* _What to produce_
Without skipping anything, write out each record below exactly.

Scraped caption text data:
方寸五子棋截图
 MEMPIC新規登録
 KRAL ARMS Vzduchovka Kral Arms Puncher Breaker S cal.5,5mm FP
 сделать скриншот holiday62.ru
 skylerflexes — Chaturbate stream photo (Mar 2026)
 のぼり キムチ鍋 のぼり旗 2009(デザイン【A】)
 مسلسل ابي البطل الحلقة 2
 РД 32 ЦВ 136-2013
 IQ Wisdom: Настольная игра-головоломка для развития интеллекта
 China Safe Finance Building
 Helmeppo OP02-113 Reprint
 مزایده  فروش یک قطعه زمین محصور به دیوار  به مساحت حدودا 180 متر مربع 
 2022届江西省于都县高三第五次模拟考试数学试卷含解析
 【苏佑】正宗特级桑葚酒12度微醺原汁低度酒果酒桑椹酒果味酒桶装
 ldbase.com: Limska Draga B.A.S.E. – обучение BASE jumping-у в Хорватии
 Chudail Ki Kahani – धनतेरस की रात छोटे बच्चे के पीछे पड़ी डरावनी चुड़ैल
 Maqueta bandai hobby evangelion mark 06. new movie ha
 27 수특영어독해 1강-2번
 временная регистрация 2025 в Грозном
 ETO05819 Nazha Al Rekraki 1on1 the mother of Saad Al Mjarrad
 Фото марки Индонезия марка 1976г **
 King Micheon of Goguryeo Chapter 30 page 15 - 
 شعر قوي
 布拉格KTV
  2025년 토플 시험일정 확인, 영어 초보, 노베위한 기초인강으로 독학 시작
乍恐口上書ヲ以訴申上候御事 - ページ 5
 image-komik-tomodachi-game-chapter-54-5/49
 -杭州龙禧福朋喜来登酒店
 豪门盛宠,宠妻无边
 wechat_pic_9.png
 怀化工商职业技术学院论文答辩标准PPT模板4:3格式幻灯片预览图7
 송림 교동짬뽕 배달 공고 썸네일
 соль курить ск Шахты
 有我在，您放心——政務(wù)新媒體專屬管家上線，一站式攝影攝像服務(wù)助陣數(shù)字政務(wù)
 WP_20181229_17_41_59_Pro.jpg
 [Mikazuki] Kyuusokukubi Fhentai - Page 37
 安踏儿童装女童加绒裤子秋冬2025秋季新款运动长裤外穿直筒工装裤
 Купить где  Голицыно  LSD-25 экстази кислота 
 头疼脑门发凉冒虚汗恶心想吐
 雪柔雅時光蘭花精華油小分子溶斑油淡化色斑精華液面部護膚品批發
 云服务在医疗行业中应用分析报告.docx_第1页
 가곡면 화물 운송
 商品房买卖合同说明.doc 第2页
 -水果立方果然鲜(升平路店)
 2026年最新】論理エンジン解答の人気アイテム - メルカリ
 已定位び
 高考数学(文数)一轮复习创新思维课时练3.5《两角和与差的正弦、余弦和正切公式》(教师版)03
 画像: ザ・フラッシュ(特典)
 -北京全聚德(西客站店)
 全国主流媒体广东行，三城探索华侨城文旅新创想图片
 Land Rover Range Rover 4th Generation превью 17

* _Answer below_
方寸五子棋截图
 MEMPIC新規登録
 KRAL ARMS Vzduchovka Kral Arms Puncher Breaker S cal.5,5mm FP
 сделать скриншот holiday62.ru
 skylerflexes — Chaturbate stream photo (Mar 2026)
 のぼり キムチ鍋 のぼり旗 2009(デザイン【A】)
 مسلسل ابي البطل الحلقة 2
 РД 32 ЦВ 136-2013
 IQ Wisdom: Настольная игра-головоломка для развития интеллекта
 China Safe Finance Building
 Helmeppo OP02-113 Reprint
 مزایده  فروش یک قطعه زمین محصور به دیوار  به مساحت حدودا 180 متر مربع 
 2022届江西省于都县高三第五次模拟考试数学试卷含解析
 【苏佑】正宗特级桑葚酒12度微醺原汁低度酒果酒桑椹酒果味酒桶装
 ldbase.com: Limska Draga B.A.S.E. – обучение BASE jumping-у в Хорватии
 Chudail Ki Kahani – धनतेरस की रात छोटे बच्चे के पीछे पड़ी डरावनी चुड़ैल
 Maqueta bandai hobby evangelion mark 06. new movie ha
 27 수특영어독해 1강-2번
 временная регистрация 2025 в Грозном
 ETO05819 Nazha Al Rekraki 1on1 the mother of Saad Al Mjarrad
 Фото марки Индонезия марка 1976г **
 King Micheon of Goguryeo Chapter 30 page 15 - 
 شعر قوي
 布拉格KTV
  2025년 토플 시험일정 확인, 영어 초보, 노베위한 기초인강으로 독학 시작
乍恐口上書ヲ以訴申上候御事 - ページ 5
 image-komik-tomodachi-game-chapter-54-5/49
 -杭州龙禧福朋喜来登酒店
 豪门盛宠,宠妻无边
 wechat_pic_9.png
 怀化工商职业技术学院论文答辩标准PPT模板4:3格式幻灯片预览图7
 송림 교동짬뽕 배달 공고 썸네일
 соль курить ск Шахты
 有我在，您放心——政務(wù)新媒體專屬管家上線，一站式攝影攝像服務(wù)助陣數(shù)字政務(wù)
 WP_20181229_17_41_59_Pro.jpg
 [Mikazuki] Kyuusokukubi Fhentai - Page 37
 安踏儿童装女童加绒裤子秋冬2025秋季新款运动长裤外穿直筒工装裤
 Купить где  Голицыно  LSD-25 экстази кислота 
 头疼脑门发凉冒虚汗恶心想吐
 雪柔雅時光蘭花精華油小分子溶斑油淡化色斑精華液面部護膚品批發
 云服务在医疗行业中应用分析报告.docx_第1页
 가곡면 화물 운송
 商品房买卖合同说明.doc 第2页
 -水果立方果然鲜(升平路店)
 2026年最新】論理エンジン解答の人気アイテム - メルカリ
 已定位び
 高考数学(文数)一轮复习创新思维课时练3.5《两角和与差的正弦、余弦和正切公式》(教师版)03
 画像: ザ・フラッシュ(特典)
 -北京全聚德(西客站店)
 全国主流媒体广东行，三城探索华侨城文旅新创想图片
 Land Rover Range Rover 4th Generation превью 17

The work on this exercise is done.